映画の主人公は、ニューヨークで暮らしていた黒人ソロモン・ノーサップ。彼には妻と二人の子があり、それなりに満足な暮らしをしていた。ところが、悪い白人に騙され、南部の奴隷市場に拉致されて、そこで白人奴隷所有者に売り飛ばされてしまう。一緒に浦らえた奴隷の中に、二人の子をもった女がいたが、彼女は子どもらと引き離され、自分だけソロモンと一緒に買われるのである。この映画は、ソロモン・ノーサップの回想記を原作としているそうで、すべて現実に起ったことだそうだ。

映画は、白人たちによって虐待され、搾取される黒人たちの苦悩を描く。この映画の中に出てくる白人たちは、どれもこれも性悪のやつらで、黒人を虐待することに嗜虐的な快楽を感じるような輩である。黒人たちは、そうした白人たちの理不尽な暴力にただひたすら耐える。ソロモン自身が、主人の命令によって、親しい黒人女を鞭でぶちのめす有様である。白人は自分の手をよごさずとも、黒人にかわってやらせることで、満足を得ることができるのである。

全編がそうした虐待のシーンばかりといってよく(反抗的な黒人を白人らが木に吊るすシーンもある)、見ていて胸糞が悪くなるほどである。しかも黒人たちのそうした悲惨な境遇には、何らの希望もない。かれらは白人による虐待を永遠に忍ばねばならないというあきらめに陥るほかはないのだ。その諦めがかれらを卑屈にし、その卑屈さが白人らをいっそうつけあがらせるのである。

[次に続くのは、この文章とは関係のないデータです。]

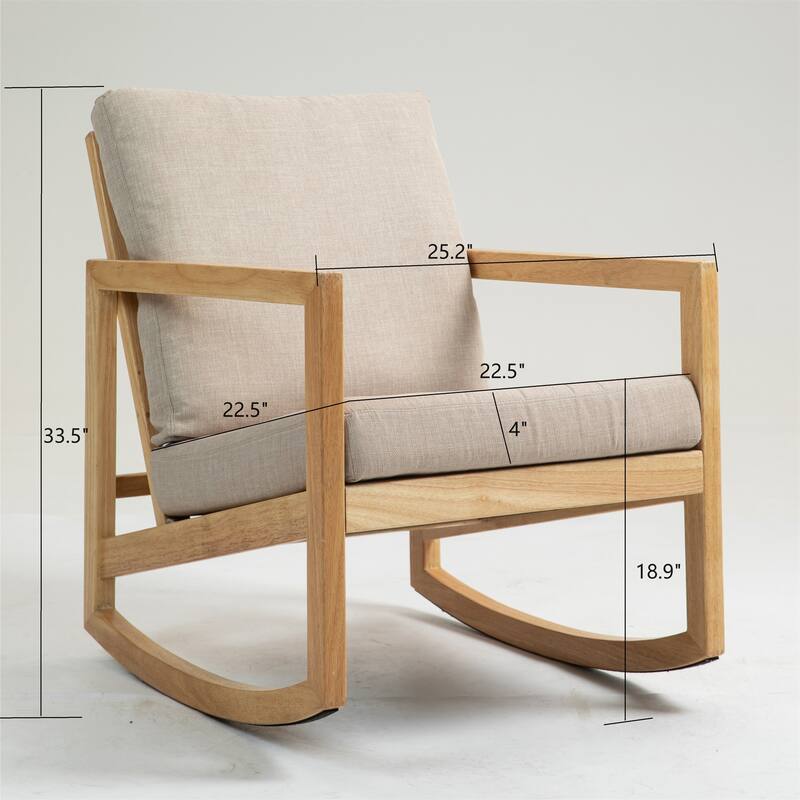Upholstered Accent Glider Chair with Rubberwood Frame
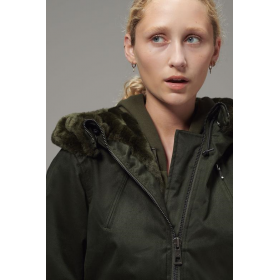 PARKA VEGAN HOODLAMB GREEN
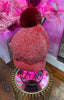 Tinsel Sparkle Pom Pom Hat > Red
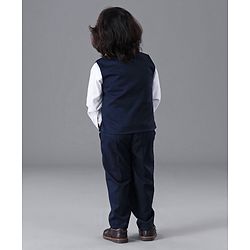 Babyhug Full Sleeves Party Suit Solid Color - Blue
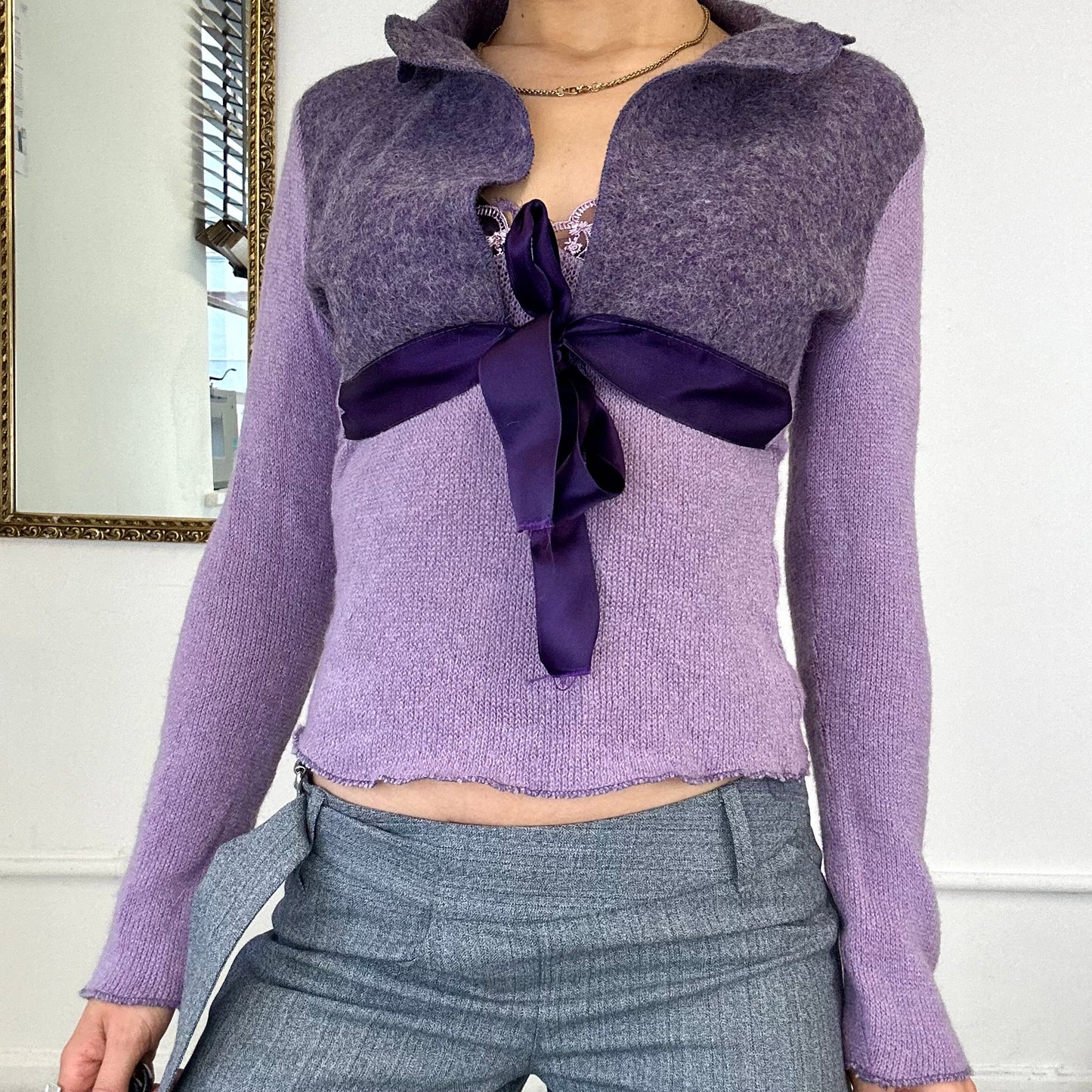 2000's mohair purple cami & coatee top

ソロモンは奇跡的に自由黒人の身分を取り戻すのだが、生まれながらの奴隷黒人には、そうした希望はない。かれらは、その先も奴隷であり続けるほかはない。リンカーンによって奴隷制度は廃止されるが、しかし白人による黒人への差別・迫害はその後も続く。21世紀に入いってさえ、白人警察官による黒人殺害が頻発するほど、アメリカは黒人にとっては、危険な国であり続けている。

なおこの映画を監督したスティーヴ・マックィーンは、西部劇でおなじみのあの俳優ではなく、黒人映画監督だそうだ。